Source data:

= Beginning of Section =

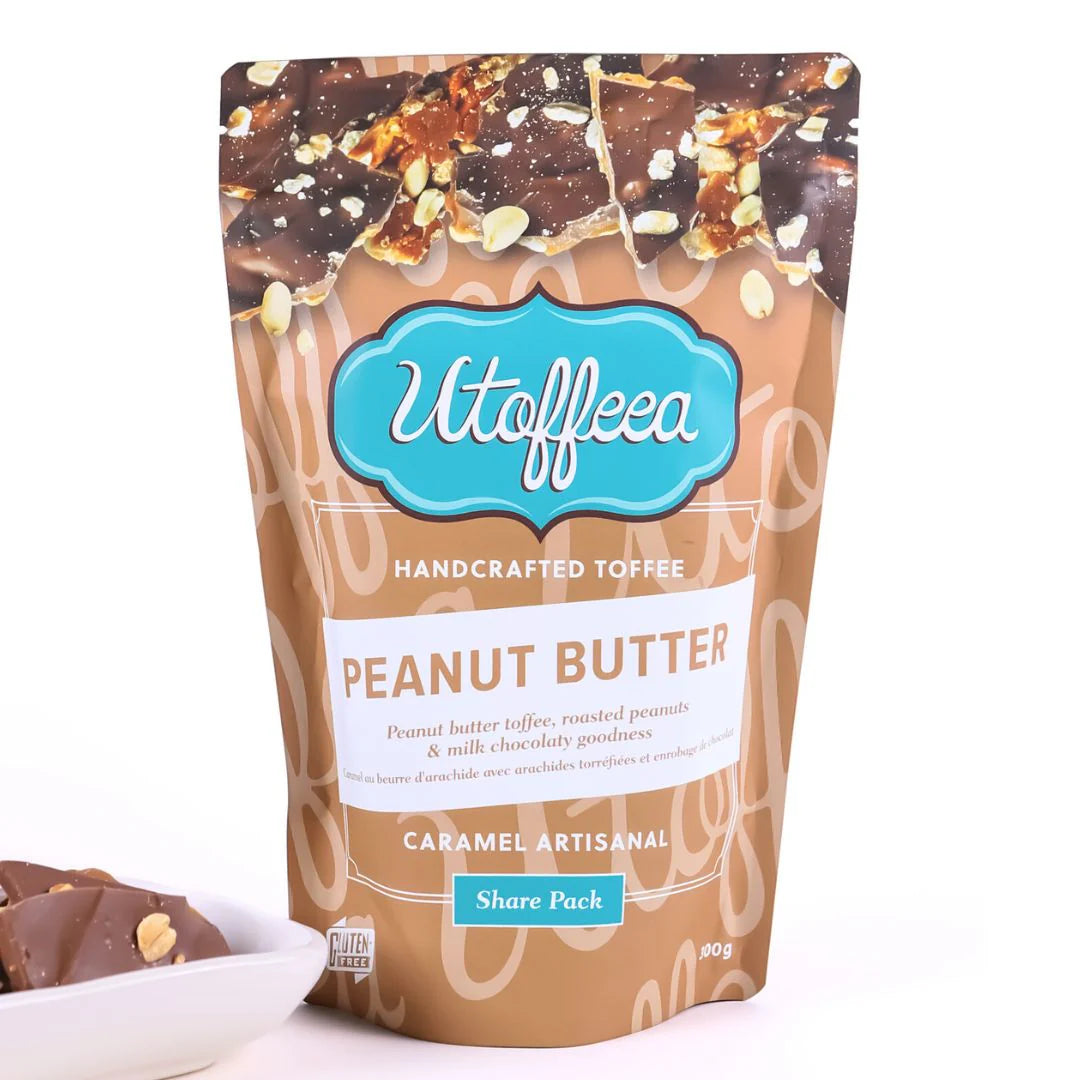 FOOD | PEANUT BUTTER TOFFEE | SHARE PACK 300G-Food-UTOFFEEA-Coriander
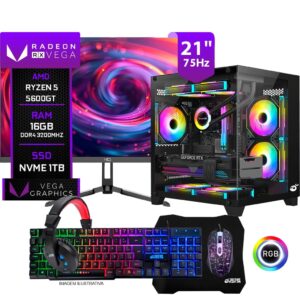 PC Gamer Completo Trigger I, Amd Ryzen 5 5600GT 16GB RAM SSD M.2 1TB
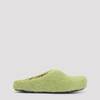 Marni Fussbett Sabot Mules - Lime - Thumbnail 1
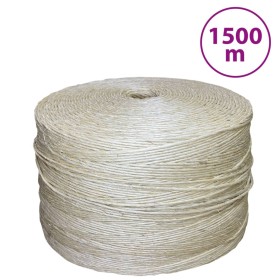 100% sisal rope 2 mm 1500 m by vidaXL, Ropes and metal cords - Ref: Foro24-155002, Price: 44,99 €, Discount: %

= End of Section =

Goal of the exercise: Your copy must begin at the line containing "Marni Fussbett Sabot" and end at the last line of the material above. Reproduce each line exactly, but not the pictures.

Expected answer:
 Marni Fussbett Sabot Mules - Lime - Thumbnail 1
 100% sisal rope 2 mm 1500 m by vidaXL, Ropes and metal cords - Ref: Foro24-155002, Price: 44,99 €, Discount: %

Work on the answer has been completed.